Sam Crawford Jr., Tulsa
If Nebraska is looking for a do-it-all athlete who can catch passes and contribute on special teams, Sam Crawford Jr. should get a phone call.
Crawford, a 6-1, 209-pound Texas native, caught 114 passes for 1,623 yards and 10 touchdowns in three seasons with the Golden Hurricane. He also returned 15 kickoffs for 252 yards.
Crawford’s best game this season came against one of the top teams Tulsa played—one-loss Houston. Crawford hauled in five catches for 101 yards against the Cougars, who are playing undefeated College Football Playoff hopeful Cincinnati in the American Athletic Conference title game this Saturday.
Here’s an example of how well Crawford gets off the line of scrimmage:
Isaiah Garcia-Castaneda, New Mexico State
Isaiah Garcia-Castaneda entered the portal on Nov. 28 and has since gained offers from Minnesota, Utah, Iowa State and others. Garcia-Castaneda is a 5-10, 185-pounder who transferred to the Aggies from Saddleback College, where he led the team with 56 catches for 953 yards and 13 touchdowns as a freshman.
With Touré gone, Nebraska could be in search for a vertical threat, and Garcia-Castaneda might provide it if given an opportunity. This season at New Mexico State, he had 36 catches for 567 yards and four touchdowns. On Oct. 2 against San Jose State, Garcia-Castaneda caught seven passes for 106 yards and two touchdowns.

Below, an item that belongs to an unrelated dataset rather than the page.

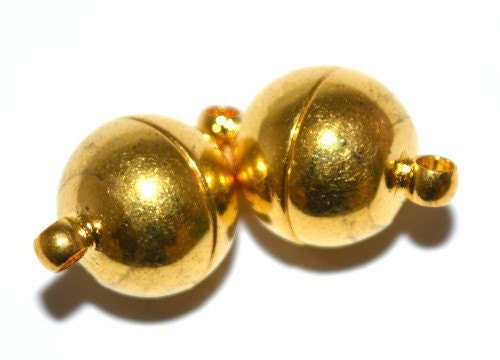 6mm/8mm/10mm/12mm Gold Plated Magnetic Clasps, Magnetic Round Magnetic, Silver Plated Round Magnetic Clasps, Gold Round Ma...
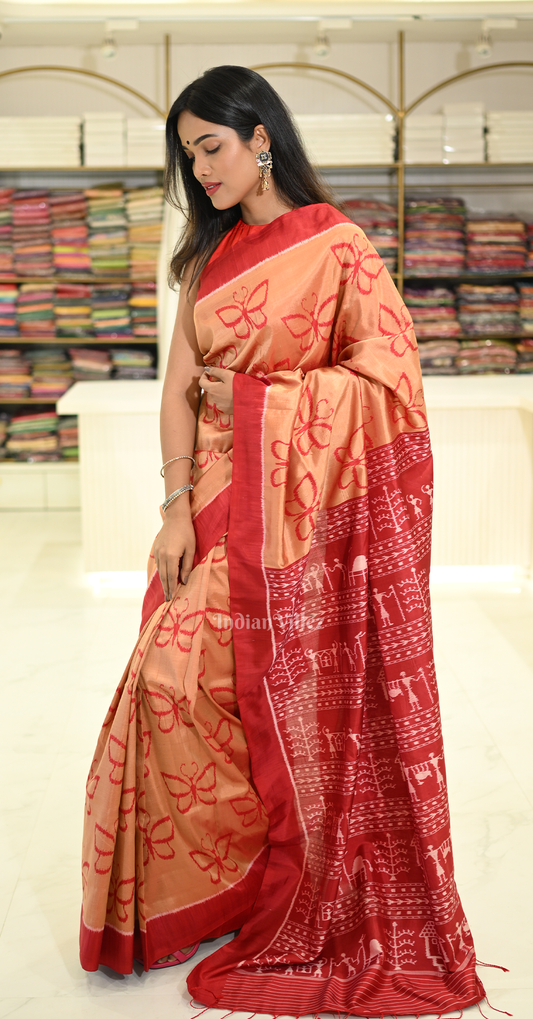 Light Orange Red Butterfly Theme Odisha Ikat Contemporary Designer Silk Saree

On this example below, San Jose State’s safety gets sucked toward the line of scrimmage on the slot route that breaks to the middle of the field, leaving Garcia-Castaneda all alone for the long gain:
Garcia-Castaneda showed his speed on this long touchdown catch against in-state rival New Mexico:
Emmanuel Logan-Greene, New Mexico
Emmanuel Logan-Greene was a versatile part to New Mexico’s offense for three seasons, and before that, he spent the 2017 season with Frost at UCF. He’s now in the portal and looking for an opportunity somewhere.
Logan-Greene is a shifty all-purpose back at 5-9, 175 pounds. In three seasons with the Lobos, he had 63 catches for 625 yards and one touchdown. He also rushed for 71 yards and 17 carries. In limited action at UCF as a freshman, he caught five passes for 75 yards.